By Patrick
A reader writes:
I am not a campaign finance lawyer, I am not a lawyer, but I think your conclusion drawn in the post concerning McCain’s Money Woes is wrong as it conflates two very different systems. The Boston Globe article had McCain returning limited general election contributions to his donors and asking them to redonate to a legal/accounting compliance fund. This step is being taking in preperation for him accepting general election public funds. You suggest that this is being done because he has locked himself into public financing:
After using the prospect of public matching funds to secure a private $4 million loan during the primary, it was unclear whether McCain had legally committed himself to public financing and the limits that go with it.
The steps that he are taking are in preperation for the general election.

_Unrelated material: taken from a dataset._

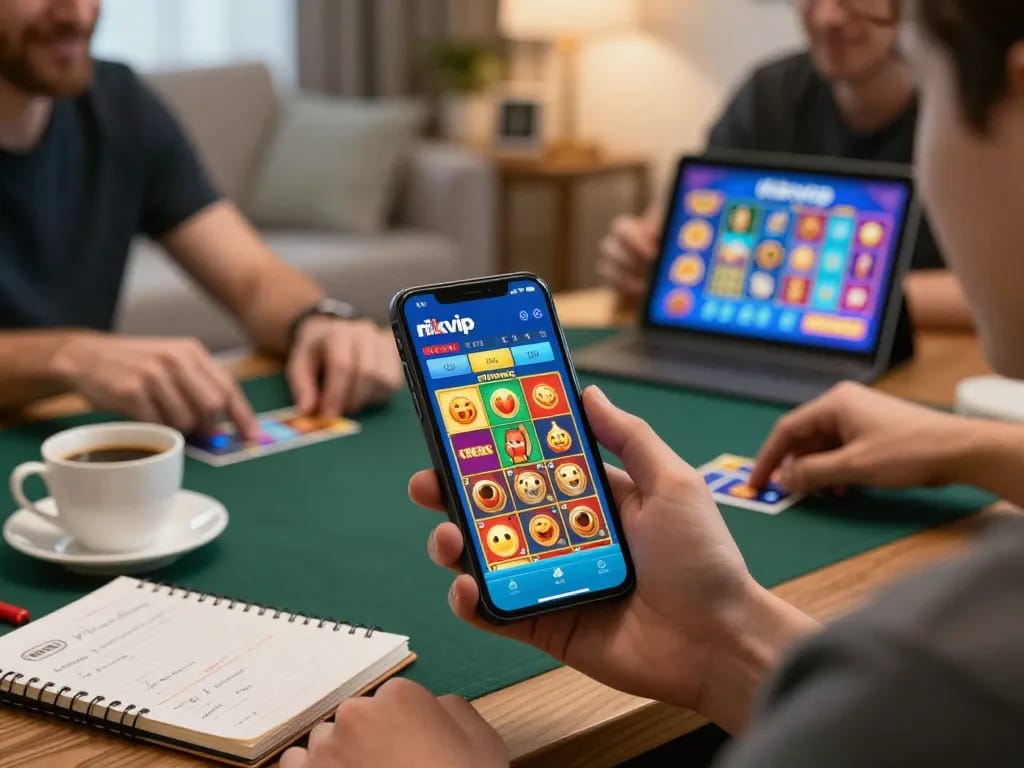 Engaged player using the rikvip app on their smartphone in a cozy gaming setup.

This decision process is completely independent of the decision process and rules that govern public financing of the primary season. For instance in 2004 both John Kerry and George W. Bush opted out of the primary public funds but opted in for the general election public funds. This decision allowed both candidates to raise and spend $100+ million dollars up to their respective party’s nominating conventions. At that point federal funding and spending limits kicked in.
John McCain has currently opted in, received tangible benefits from remaining with the primary public funding program and is claiming to have lept out of these promises while the FEC is not releasing him from his clearly defined obligations. This is the issue of the loan that was partially backed by a promise of the McCain campaign to stay in the race if he was a loser in order to collect public funding. The public funding in question was the primary election funding and spending caps. The area of dispute is that the FEC does not allow candidates to opt-out after opting into the system if the promise of those funds were used as collatoral for any tangible benefits.
Going back to why McCain is opting into the general election matching funds, I agree with you that this is a sign of weakness as the ‘weaker’ Democratic fundraiser (Hillary Clinton) has roughly raised in two months as much money as McCain has raised in two years. The stronger candidate, Obama, has raised in two months more than the entire public funding allocation McCain will receive this fall. And this is with a divided party. Either Democrat will be able to spend McCain into the ground using hard, disclosed, coordinated action dollars if McCain opts-in. And if he opts-in, it is because his campaign does not believe that they can raise enough money fast enough from a demoralized Republican base to justify the fundraising costs and more importantly the opportunity costs of fundraising instead of campaigning. Not a good sign, but significantly different reasoning then the analysis you proposed.